Ahora mismo me encontraba entre la espada y la pared. Por un lado tenía la chica que me gustaba desde antes, que me había dicho que le gusta, incluso me invitó a una cita y luego estaba Amy, que me hacía sentir cosas que no sabía como explicarlo.
¿Porqué diablos me viene a suceder esto ahora?
Incluso si Hayley se hubiese confesado antes de la fiesta, antes de la equivocación de disfraces y del beso espectacular con Amy, la historia hubiese sido otra, pero en cambio ahora mismo no sabía a cuál de las dos elegir.

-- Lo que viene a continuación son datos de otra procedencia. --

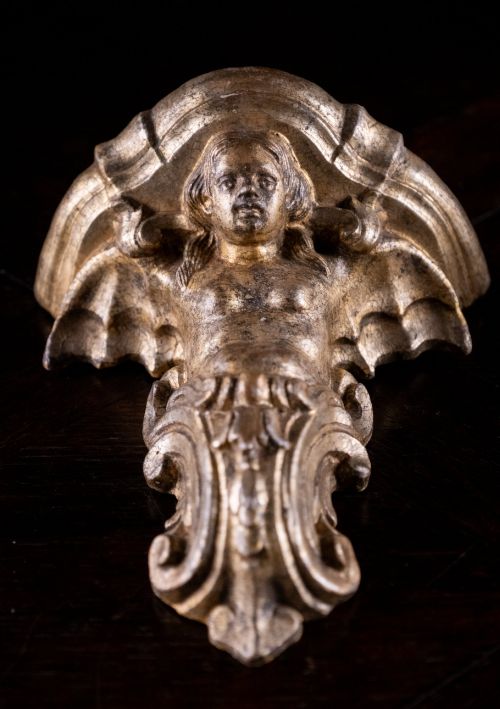 fig 3. A pair of late nineteenth-century gilt terracotta wall brackets featuring winged siren figures above acanthus scrollwork pedestals.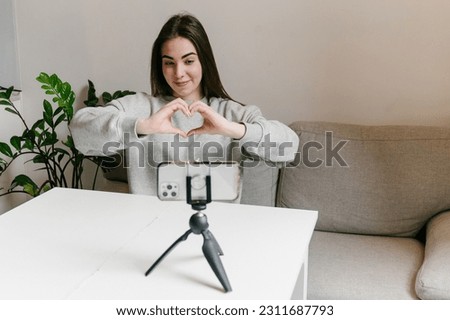 Happy young girl recording a vlog, streaming online for followers indoors on the sofa Royalty-Free Stock Photo #2311687793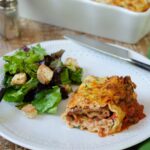 Lasagna Roll Ups on a plate with salad with the full casserole behind.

—¿Problemas en el paraíso? —dijo mi padre apenas entré a la casa de nuevo
—No estoy de humor ahora mismo, papá.—bufé
—¿Porqué de repente tienes tanto lío con las mujeres? ¿Creí que no salías con ninguna y ahora descubro que son dos! —el se estaba burlando de mi
—No salgo con ninguna, esto es algo en lo que me he metido yo sola.
—¿Entonces quieres contarme? —pregunta con una ceja levantada
—¿Dónde está mamá?
—Tu madre se fue antes de que sucediera todo esto, así que tienes suerte de no tener un cuestionario ahora mismo.
—No sé que hacer —dije luego de un suspiro
—¿Entonces si te gustan las dos?
—No sé si Amy me gusta, solo estoy un poco confundida.
—Creí que era el rompecorazones de mi época, pero me has ganado hija mía, al ,menos yo estaba con una a la vez —dijo riendo
—No salgo con las dos, solo es una confusión...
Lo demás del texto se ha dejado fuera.